Friday, October 31, 2014

What the hell is going on

It's starting to look like maybe they "had something" back in the days when a woman could never be alone with any man who wasn't her father, brother or husband. Maybe it wasn't a convention meant to curtail the freedom of women. Maybe it was for their own protection. And it's starting to make sense.
No woman willingly la di da goes off alone with some man who is creepy and frightening and known to be violent. She goes off alone with a man who seems kind and gentle and decent, a friend or lover or even a casual acquaintance who comes across as nice, as safe, as trustable.
And then the woman gets the shock of her life when he hits her and/or rapes her. 
I know men can be trusted. I trust all the men in my family, gentle men, every one, and I have sons who would never even think of hurting a woman. I know many lovely men who have never threatened or abused me or, as far as I know, any other woman. 
So where all are these other guys and where are they coming from? These guys who have murdered more than a thousand First Nations women in the past few years. These guys who beat and murder their wives and girlfriends. These guys who molest and rape. And that's just here in Canada. When you look around the world to, for instance, Africa, you can't help wondering if a large number of men are some kind of alien in a human body. 
I have been alone with three in my lifetime who gave me a serious scare, and felt lucky to get away without having something terrifying and painful forced upon me. I've known another who believes any woman is strong enough to stop any man and therefore rape is impossible. Him I wouldn't be alone with again. And as a very young woman, I was inappropriately groped by an employer and a co-worker at one of my first jobs. I laughed it off and forgot about it, afraid I was just immature and had somehow invited this treatment by my lack of sophistication. I never reported it, and I didn't quit the job either. I just became more careful.
Becoming a martial arts aficionado couldn't hurt. 
Or maybe we should never, ever be alone with a man we don't know well and trust. 
(Even then, do women and children have to worry? 
According to the history books and the newspapers, we do.)
Jian Ghomeshi obviously has serious mental health issues if he is compelled to punch women in the head or choke them. Maybe he should be in jail; maybe he would be if any of the women he abused had gone to the police.

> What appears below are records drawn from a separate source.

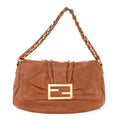 Crinkled Lambskin Mia Shoulder Flap Camel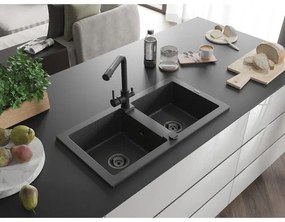 Mexen Mario, 2-komorový granitový drez 820x436x161 mm a čierna drezová batéria Duero, čierna škvrnitá, 6504-76-671600-70-B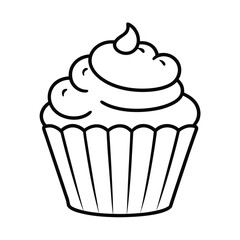 a cupcake thick fluffy frosting line art vector silhouette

Listening to their stories, I'm reminded that high hopes, trustingness, willingness to give someone a second chance, not taking your own experience seriously, and even naivety and poor judgment aren't responsible for what this man did. These women did not provoke his behaviour, nor did they allow it or invite it. Getting into a shitty situation and not knowing how to escape it is not a crime; violent abuse is. 
When you look at the statistics on reported rape and abuse of women and children today, the social conventions of a couple hundred years ago don't look so backward.

What a horrible shame, though, that anyone — anyone — should have to experience this kind of victimization by anyone, and that this violent mistreatment is running rampant in the world.